L’HASHTAG #INSTAPOET
raccoglie su Instagram 2,5 milioni di post in più lingue: immagini di versi, spesso scritti a macchina o in grafie liceali. Ma anche versi di poeti canonizzati. Un fenomeno ignorato dalla critica, in cui anche molti poeti non si riconoscono. Negli Stati Uniti sono entrati in classifica instapoets come Rupi Kaur (@rupikaur_, 1,4 milioni di follower e 500 mila copie vendute) o Lang Leav (368mila follower, 300 mila copie e le sorelle Kardashian tra i fan). In Italia la definizione di “poeta social” mette insieme Guido Catalano, che però batteva i primi versi su una macchina per scrivere, e Franco Arminio, classe ‘60 (di cui scrive Iacopo Gori a pag. 94) con lo YouTuber Francesco Sole, 25 anni e 2 milioni di like. Il suo Ti voglio bene (# poesie, sic, prima postate e poi edite da Mondadori) è per qualche critico “il libro più brutto del millennio”, ma piace a molti. Arminio ha venduto oltre 15 mila copie del suo Cedi la strada agli alberi. I libri di Catalano viaggiano a 30 mila ciascuno, e i
suoi reading riempiono locali come il milanese Alcatraz.

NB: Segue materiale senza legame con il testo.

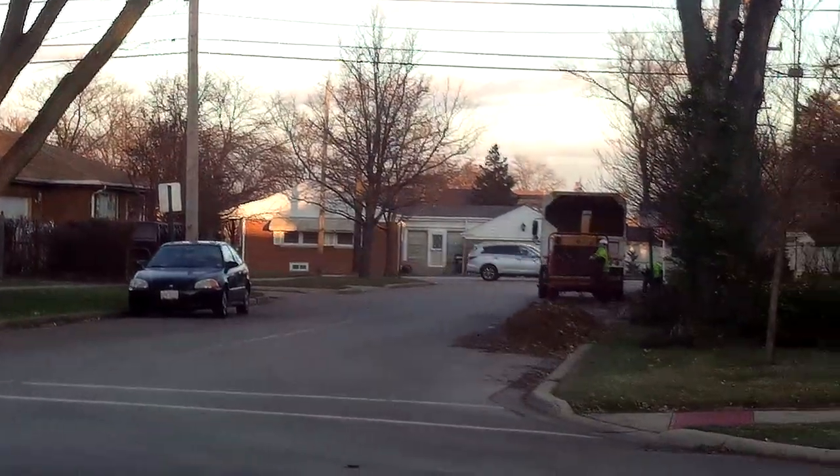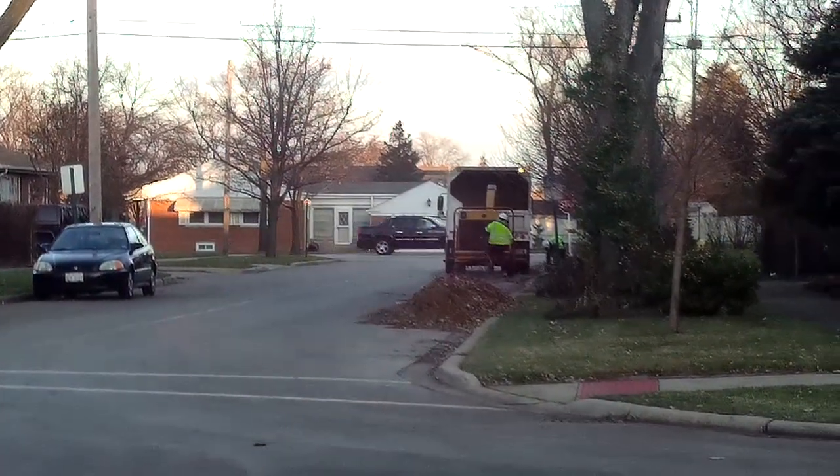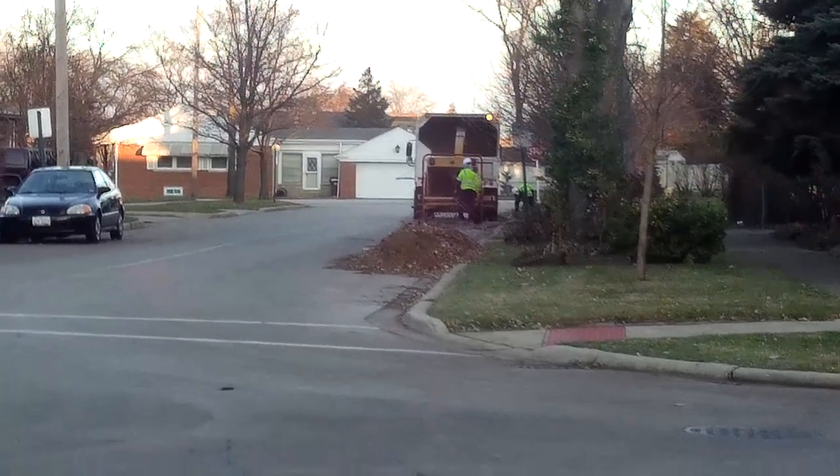Hey everybody, this is Steve Tobin with Patch.com and Newsman1967 on YouTube. What we're reporting on today, as you can see behind me, they're putting all kinds of tree branches and everything inside the machine and chopping it up. They've been doing that all day here today in Nile.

«Negli ultimi tre anni», stima Catalano, poeta da almeno venti, «c’è una rinascita dell’interesse per la poesia. Una parte la fanno i social. Creano comunità; aiutano a scoprire se vicino a te c’è un reading; facilitano le scoperte casuali». E per chi le poesie le scrive è un nuovo modo di diffonderle, anche in forma acustica (come fa il poeta Lello Voce, le cui letture sono in streaming su Spotify). «Non abbiamo un distributore né un ufficio stampa, siamo in due-tre librerie, vendiamo soprattutto online», racconta Francesca Genti, fondatrice insieme all’amica Manuela Dago della piccolissima casa editrice Sartoria Utopia: solo poesia, solo libri rilegati a mano, solo micro-tirature. Ma migliaia di condivisioni. «Molta gente ci scopre così. Però non tutta la poesia può stare su Facebook. I trovatori del Medioevo dividevano cantar leu e
cantar tost, la poesia lieve dalla poesia ermetica. Ebbene, i social sono perfetti per il cantar leu, ma sono anche un mix di porcherie e meraviglie».

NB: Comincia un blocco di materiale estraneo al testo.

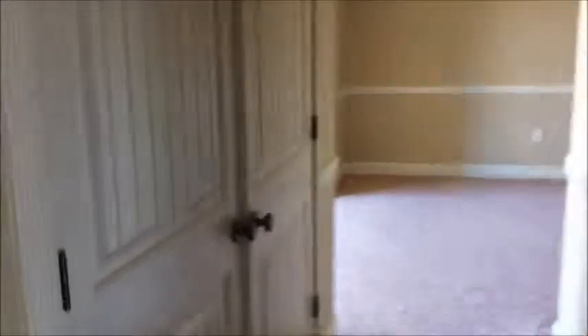We'll go upstairs real quick. Above the garage is a big bonus room with a bedroom and an entertainment room. Up here you've got a bookcase for all your speakers and stuff like that. And then going back here, there's a closet, another full bath, and a bedroom up on top of the garage.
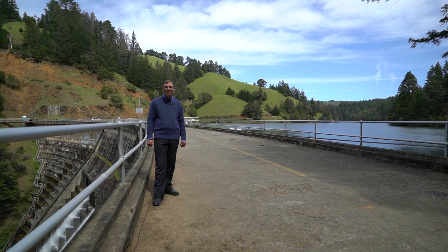Hello, my name is Carl Gowen, principal engineer with the Marin Municipal Water District. I'm standing on Alpine Dam, and behind me is Alpine Lake, which totals approximately 8,891 acre feet of water for our customers.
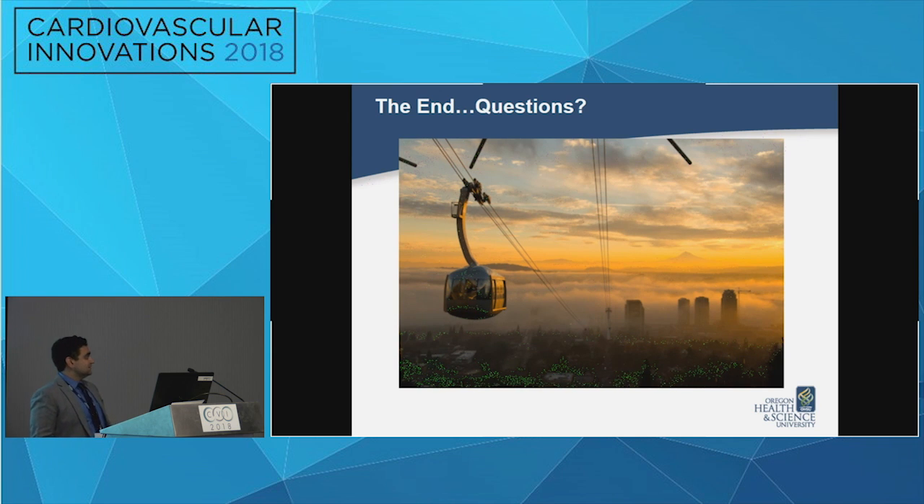Regarding experience with the Sentinel cerebral embolic protection device — it has been extremely difficult to access given no CMS coverage guidance. Boston Scientific has acquired the company, but it remains a limited workforce with difficulty opening new sites, and so far there is no reimbursement coverage, meaning a significant financial impact on the receiving institution.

NON È STRANO, QUINDI, CHE MOLTI POETI LI DISERTINO.
«Un posto dove bisogna essere sempre presenti, come Facebook, non è giusto per la poesia», spiega Donalisio. Con due soci ha fondato Nervi edizioni, operazione in controtendenza: carta di cotone, caratteri in piombo. «E autori che scegliamo solo all’unanimità. In due anni ne abbiamo pubblicati tre. Sui social siamo quasi assenti. Di rado i poeti molto produttivi diventano poi classici; un libro si fa in dieci anni. Deve sedimentare. Se posti una poesia al giorno, come fai?»

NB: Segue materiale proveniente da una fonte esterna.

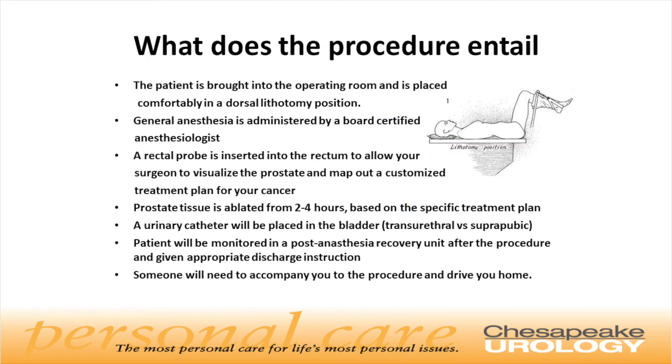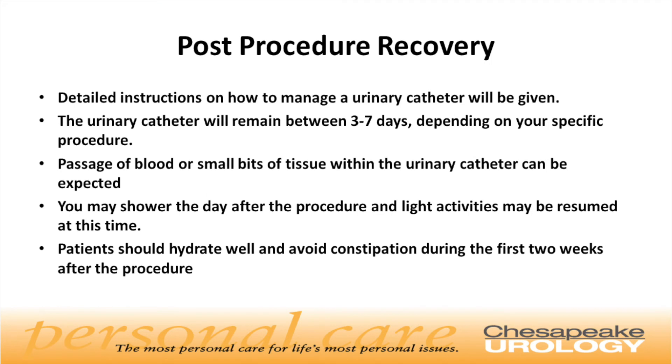The patient is brought into the operating room and is placed comfortably in what's known as a dorsal lithotomy position. General anesthesia is administered by a board-certified anesthesiologist. A rectal probe is inserted into the rectum to allow your surgeon to visualize the prostate and map out a customized treatment plan for your cancer. The targeted prostate tissue is then ablated, lasting from two to four hours, based on the specific treatment plan. A urinary catheter will be placed in the bladder and the patient will be monitored in the post-anesthesia recovery unit after the procedure. Appropriate discharge instructions and guidance will be given to the patient prior to leaving the facility. Someone will need to accompany you to the procedure and drive you home. Detailed instructions on how to manage a urinary catheter will be given. The urinary catheter will remain between three to seven days depending on your specific treatment plan.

BREVITÀ, EMOZIONE, ESTETICA:
sono ingredienti di molta poesia. E anche di un buon post su Instagram. «Sui social si diffonde molto il “poetese”, un linguaggio in versi senza gusto», continua l’editrice Francesca Genti. Tra i titoli della sua Sartoria Utopia, Il nostro
amore distruggerà il mondo, del torinese Roberto Canella. Per 10 anni ha postato le sue liriche senza firmarle sul suo Tumblr (locusta.tumblr.com). Qualche verso ha avuto una fama virale. A volte i fogli leggeri/ ti
tagliano le dita/ e vedi il sangue/ ma non la ferita (del 1998) è stata condiviso 40 mila volte. «Era un modo di fare uscire il mio lavoro dal cassetto, senza dirlo nemmeno agli amici. “Faccio il poeta” è un’espressione un po’ così», racconta Canella. Ora c’è un nuovo termine, #instapoet. Per chi vuole usarlo, toglie dall’imbarazzo. E spinge a osare.